For a small group of vascular surgery centers in metropolitan Washington, D.C., it was local churches that turned out to be surprisingly lucrative.

It was at health screening fairs hosted by these houses of worship where Marty Makary, M.D., found surgeons drumming up business for pricey—and often unnecessary—leg stents. It’s among the collection of systemic and human examples Makary examines in his new book “The Price We Pay: What Broke American Health Care—and How to Fix It” as driving forces behind rising U.S. health costs.

Makary, a surgeon at Johns Hopkins and New York Times best-selling author, hits every segment of the market, from a health system in New Mexico that has sued 1 in 5 residents in town to a health insurance conference where brokers described over drinks why they usually aren’t helping employers get the best deal.

“Healthcare has adopted a business model that uses middlemen, price gouging and sometimes delivers care that can be inappropriate, and this bloated economy has a tremendous amount of waste,” Makary said. “So our research really asks the question: ‘What is the experience of the everyday American interfacing with our healthcare system?’”

I caught up with Makary recently to discuss some of the problems he highlights in his new book, which is being released Sept. 10, and some of his ideas on how we solve them.

FierceHealthcare: Why did you write this book?

Marty Makary: Hospitals are amazing places and there is a tremendous amount of public trust in hospitals. But I’ve been seriously concerned about the erosion of public trust by the price gouging and predatory billing practices that patients are describing all over America. Our research team found bills are marked up as much as 23 times higher than what hospitals will accept from Medicare. We kept hearing over and over again that, ‘No one is expected to pay these bills. Hospital CEOs assured me when I showed them inflated bills that nobody is expected to pay the sticker price.’ But that didn’t seem to match the stories we were hearing on the ground.

FH: One of the hospitals you highlight in this book in Carlsbad, New Mexico, had a practice of hiking prices and suing patients who were unable to pay. What did you find there?

MM: We decided to shift our research into the question: “Are Americans asked to pay the sticker price and if so, what happens when they can’t afford it?”

A woman sent me a message where not only was the bill inflated, but the care was—in her opinion, unnecessary—and the hospital had sued her. When I reached out, she said, “They’ve sued all my friends as well and garnished our paychecks.” I couldn’t believe this, and so I flew out to Carlsbad. The driver of the Chamber of Commerce taxi service that picked us up from the airport, the receptionist at the hotel, the waitress at the breakfast place, the clerk’s office staff, families in the courthouse: You couldn’t believe it. Everywhere you turned, people had been terrorized financially by this local community hospital. I thought: “Where is the spirit of medicine? Do these executives even know the consequences on the ground of these billing practices?”
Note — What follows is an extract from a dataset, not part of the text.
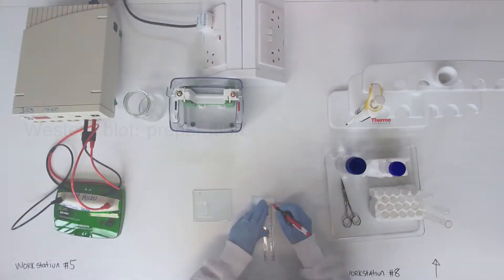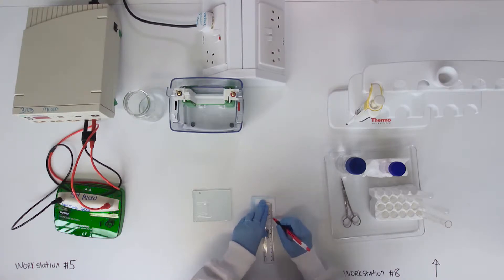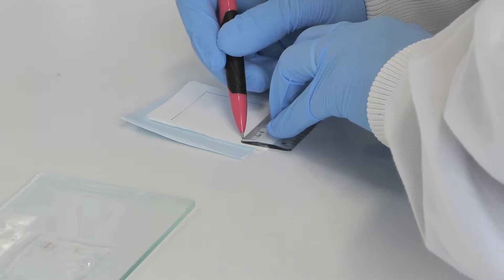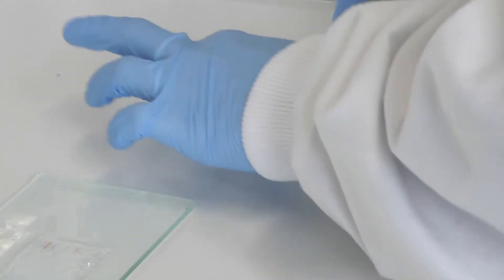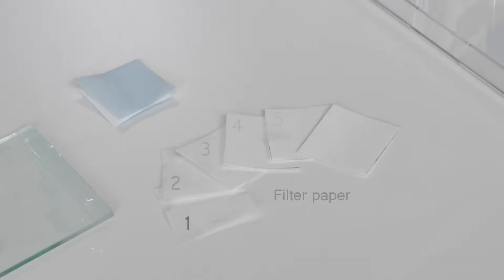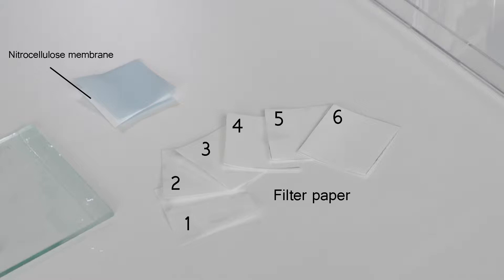STS Page Immunoblotting and Blocking Solution Prep. Having measured the dimensions of the gel portion to be used in immunoblotting, cut six rectangles of the filter paper provided and one of the nitrocellulose membrane to the same dimensions. The membrane is supplied between two blue paper sheets and should not be touched.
FH: In the book, you mention many hospital executives don’t even know they’re suing patients.

MM: Oftentimes, there’s detachment. And when we’re detached from the consequences or problems, that’s when horrible things happen in societies historically. I found sometimes hospital executives, board members and certainly our research supports doctors not knowing about this practice. And when they find out, the clinicians are outraged. By and large, board members want it to stop … I think if you look at any major issue in the United States, whether it be race, poverty or healthcare, if we are not proximate to the problem, we tend to rationalize financial systems that enable the problem. In healthcare, what I’ve noticed is, when I would share these stories at conferences, other healthcare experts argued it was not a problem that was diabolical, they just weren’t proximate to the issue.

FH:  You also document that many hospitals are doing the right thing.

MM: Most hospitals try to do the right thing. But I think it tells us a lot about the practice of suing patients and that it’s unnecessary. When all the revenue generated from suing patients amounts to less than the amount of the CEO pay increase in one year, which is something we’ve seen, the argument that it’s essential to sue patients in order for the hospital to be sustainable melts away.

FH: But obviously, the problem is not just about hospitals, right?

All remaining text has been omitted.